After over a decade working as the go-to jazz orchestra composer and arranger on the international scene, Mike Holober returns to his roots with the release of Hiding Out, a double CD featuring The Gotham Jazz Orchestra (GoJO)performing two major original suites. 

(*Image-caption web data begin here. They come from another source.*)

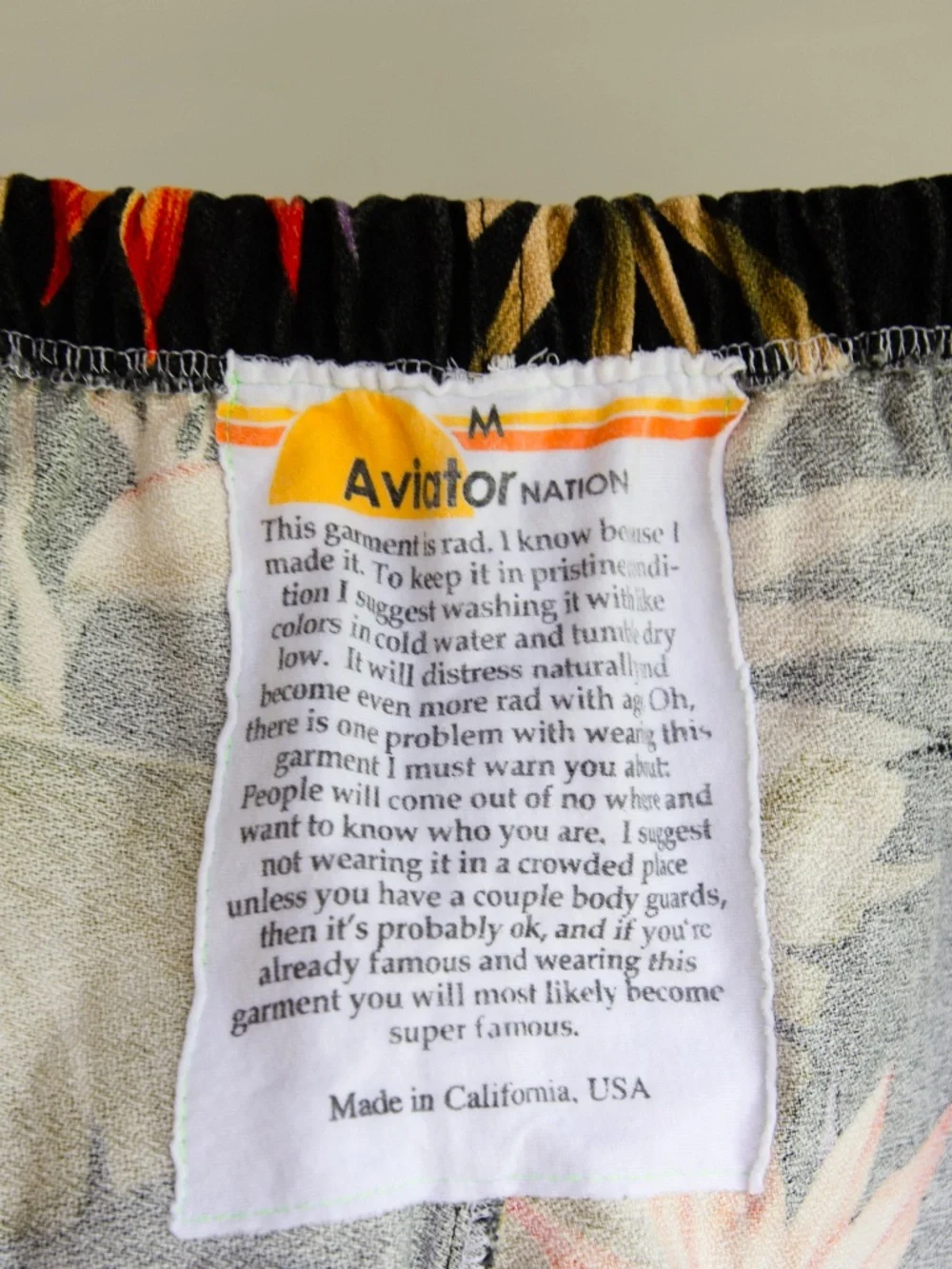 Aviator Nation Bird of Paradise Stripe Track Shorts Handmade in California EUC - Picture 5 of 5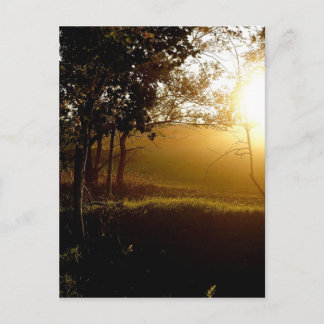 Ein goldener Moment Postkarte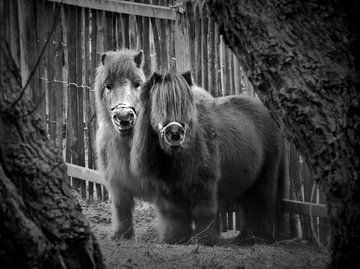 Ponys auf der Wiese (schwarz und weiß) von Maickel Dedeken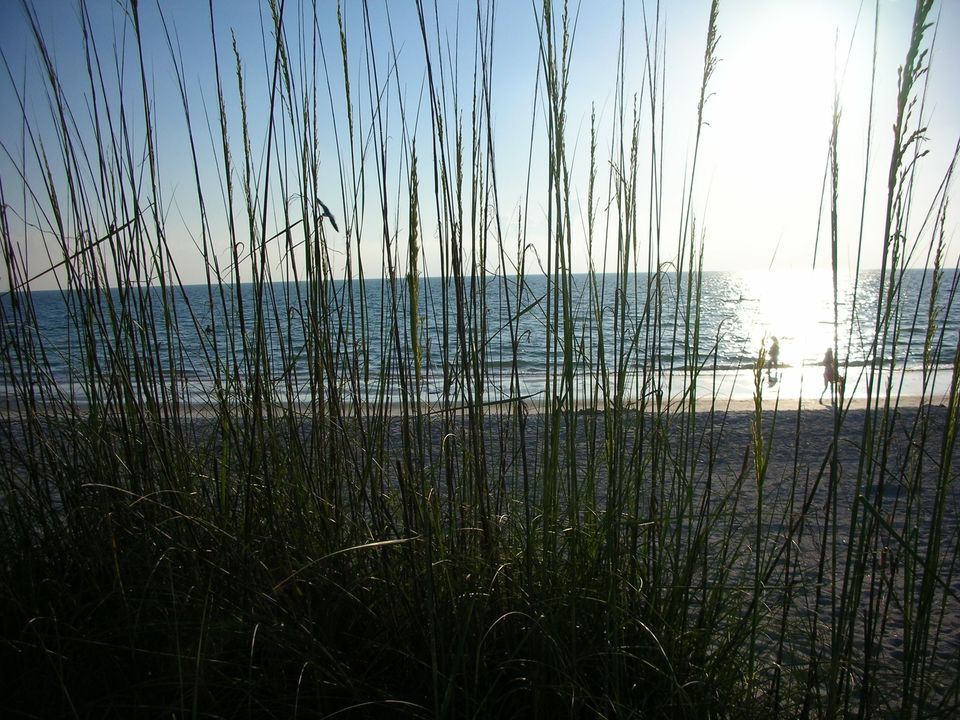 March Emergency Responst Team Service Day, Leaving from Southwest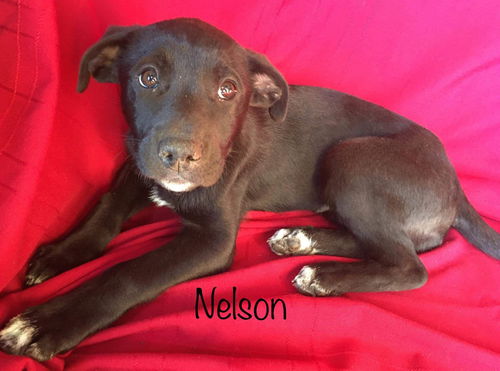 Nelson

The Gotham Jazz Orchestra brings together a star-studded roster of New York City musicians.  Featured soloists include saxophonists Jon Gordon, Jason Rigby, Billy Drewes, and Adam Kolker, trumpet players Marvin Stamm and Scott Wendholt, guitarists Steve Cardenas and Jesse Lewis, with Mike Holober on piano and Fender Rhodes electric piano.  

About the Compositions   
This double CD features a selection of commissioned projects that integrate extended forms from classical music with modern jazz language and improvisation, resulting in a musical statement that re-defines the jazz “big band” as a true orchestra.   

Hiding Out   
Hiding Out was commissioned for The Gotham Jazz Orchestra by The Philadelphia Museum of Art (funded by the Pew Foundation), and was first performed at the Philadelphia Museum of Art.  This 5-movement composition was composed at the Ucross Foundation in Wyoming, and was inspired by the stark beauty of this remote western setting.   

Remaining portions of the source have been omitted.